The national average price gained 19% compared to November 2008, at $337,231, the Canadian Real Estate Association said. Since the beginning of the year, prices have gained 4.4% compared to the same time last year.
“The year-over-year increase in November continues to reflect the high degree to which the average was skewed downward last year by plummeting activity in Canada’s priciest markets, and then upward by rebounding activity,” the association said in a statement.
CREA tracked 36,383 deals on its Multiple Listing Service in November. Crediting the housing market for leading “the overall Canadian economy out of the recession,” association president Dale Ripplinger said the numbers were a sign of an entrenched recovery.
“National home sales activity last month shows how strongly the housing market has rebounded since the beginning of the year,” he said.

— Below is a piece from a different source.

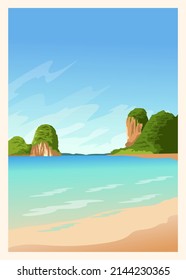 railay beach and hill illustration in the daytime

About 437,507 homes have been sold through the CREA-owned MLS system so far this year, up 5% from last year at the same time, but lower than the previous three years.
One of the main drivers of price increases has been a lack of supply, but higher prices are beginning to draw more sellers into the market. Seasonally adjusted new listings rose 5% from October, to 69,110, in the largest gain since January 2008. There is still a dearth of supply however, with the number of homes for sale 23% lower than they were a year ago.
Comment: I wish we had 5% more listings here in Toronto! We are still down close to 50% from this time last year, making things very difficult for buyers.
The association’s economist, Gregory Klump, said as prices climb higher, would-be buyers may put off purchases, cooling off a hot market. Higher interest rates, expected in 2010, will also dampen their enthusiasm.
“Deteriorating housing affordability will rein in sales activity as the overall economy further improves and the pool of buyers who qualify for financing shrinks,” he said.
While sellers have no doubt been delighted by the premiums their homes have been fetching, a growing chorus of economists are expressing concern that the recovery isn’t sustainable.
“We’ve got a long way to go before we could put a bubble label on this market,” Merrill Lynch Bank of American economist Sheryl King said Monday.
“However, with mortgage rates at decades low – and even more attractive if home buyers choose the variable mortgage option which carries rates as low as 2.15% – the seeds of a bubble are definitely in place.”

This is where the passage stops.